Series in the balance after Australia's surge
In the build-up to this Test match, England referred back so often to Headingley and Johannesburg, the scenes of their capitulations in their last two marquee series against Australia and South Africa, that complacency could not have been further from their thoughts. But somehow they've let their ascendancy slip again. With five wickets tumbling on a raucous third evening at the WACA, they face the prospect of going to Melbourne on Boxing Day with the series locked at 1-1, and the destiny of the Ashes in the balance all over again.
On Friday, a display of individual brilliance from Mitchell Johnson hoisted Australia back into the contest, but Saturday's batting performance owed more to demoralisation than any particular brilliance on the part of the bowlers. This time, Johnson needed no prodigious swing to find the edge of Andrew Strauss's bat, while the last-ball dismissal of Paul Collingwood, whose score of 11 exactly matches his average in his last nine innings, summed up a match that is no longer in England's hands.
"It's just one of those things," said Chris Tremlett, who was England's outstanding performer on the day with 5 for 87. "We bowled pretty well today at the end of the day, we fought back after a tough morning session and we were pretty pleased to bowl them out for what we did . But credit to Australia, they bowled pretty well this evening. For the last few months, England have played pretty tough cricket, so it's just one of those things."

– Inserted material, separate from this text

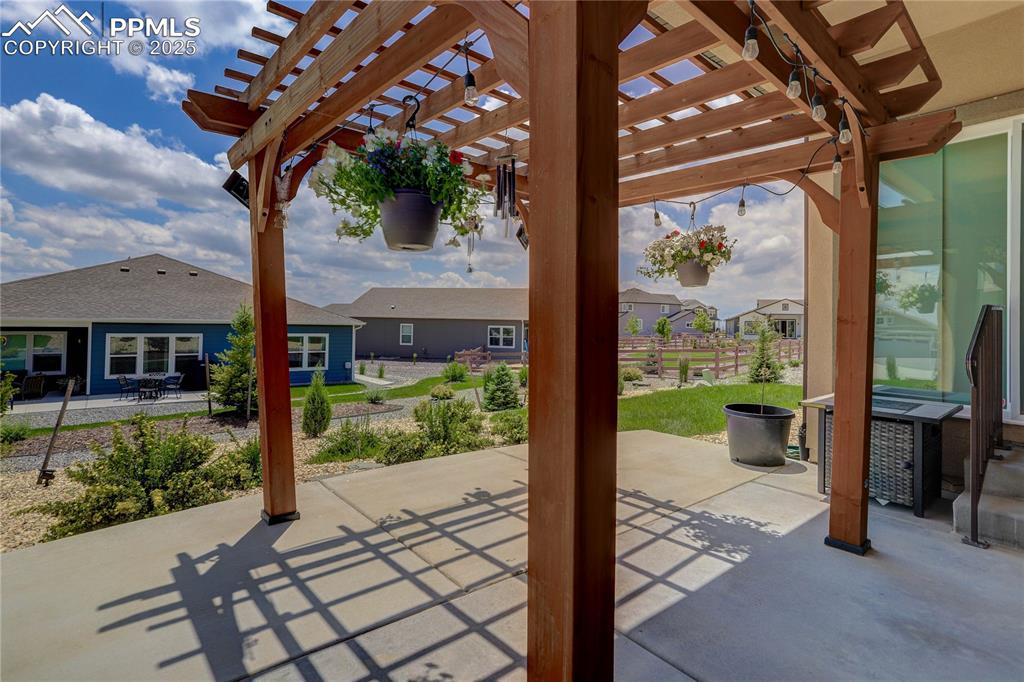Image 35 of 38: View of patio / terrace with a pergola and a residential view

However, the dynamic of the series has been transformed with astonishing speed. On Friday morning, as England's openers moved effortlessly along to 78 for 0, the joke doing the rounds - with a serious undertone - was whether Australia's bowlers could manage as many as 20 wickets in the series, never mind the match. Their tally at that stage stood at 17 after two completed Tests, at a cost of 1475 runs. Since the dismissal of England's series mainstay, Alastair Cook, however, they've racked up 15 for 190.

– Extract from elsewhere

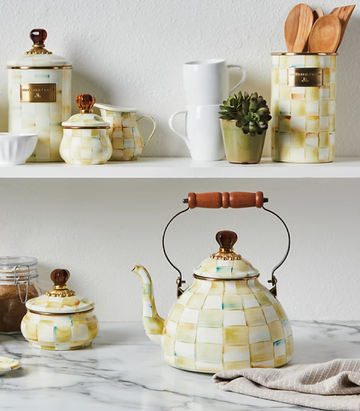 collection of kitchenware including a kettle sugar bowl and various containers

"Teams are always going to bat well [sometimes]," said Peter Siddle. "You can't just think that they're going to be poor or be great all the time. To their credit they batted really well in those first few matches and we couldn't break it, but it was just a matter of being patient and bowling as a group - that's what's changed here. All four quicks have bowled with patience and consistency and in great partnerships together ... it's put the pressure right on them."
England's preparation and attitude throughout their Ashes campaign has been faultless, and Australia will remember full well what happened in England 18 months ago, when an innings victory at Headingley left England needing to bounce straight back in the final Test at The Oval to snatch the Ashes. They did just that, with Andy Flower and Andrew Strauss refusing to panic even while the press and public went into a tizzy on their behalf. The onus now will be to find the same level heads again.

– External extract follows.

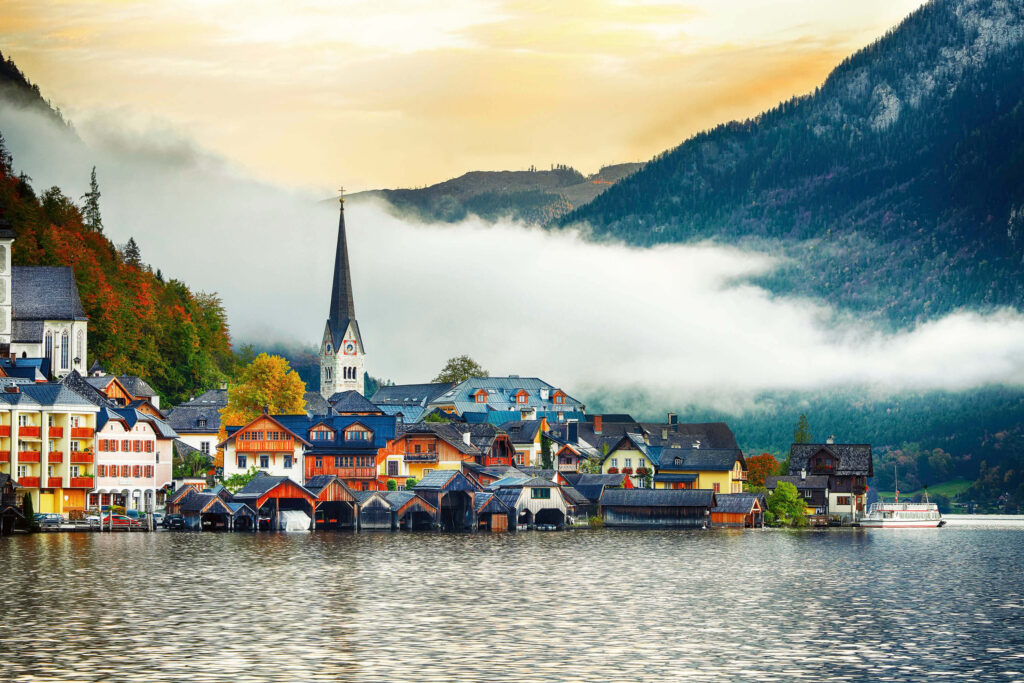 Hallstatt waterfront beneath low mountain clouds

"It's pretty obvious the guys are disappointed to get out because they've put in some pretty impressive performances in the other games," said Tremlett. "But we're not worried about momentum. They are going to take some momentum with a positive performance on their front, but we're going to concentrate on our game. We're still full of confidence, we're still 1-0 up in the series and there's always tomorrow and we still believe we can do it."
The second-innings collapse, when it came, was dramatic and unpreventable, with a succession of previously unruffled batsmen falling to strokes that they would not have played in other circumstances - particularly Kevin Pietersen, whose open-faced steer into the slip cordon almost caused him to thwack his bat on the plastic seating as he returned to the dressing-room.
Tremlett, however, insisted that a degree of decorum had been retained in spite of England's impending defeat. "It's about not panicking when those situations happen," he said. "Throughout the series the dressing room has been a pretty calm environment, even though we lost a few wickets we still remained pretty calm. It's a long shot but we still believe we can put a partnership together and still win this game."
Siddle, however, was already preparing for Australia's victory celebrations, with the prospect of a real tussle going into the festive season finale. "It does change things," he said. "There was obviously a lot of pressure on us in this match to get a result. Mike Hussey was outstanding, Shane Watson held it together. It's just a good team effort so far. There's still a lot of work to be done but it does make a big change for us.
"We just knew we had to change a little bit and work a little bit harder in the matches," he said. "We just knew that if we played our best cricket that would put them under a lot of pressure. That's what we've shown in this Test match, that we can play some good cricket.
We've shown everyone out here, batting and bowling, that we can fight and we can work hard. If we could be patient and work them over, instead of them playing on top of us, we knew we could get results."
Andrew Miller is UK editor of Cricinfo.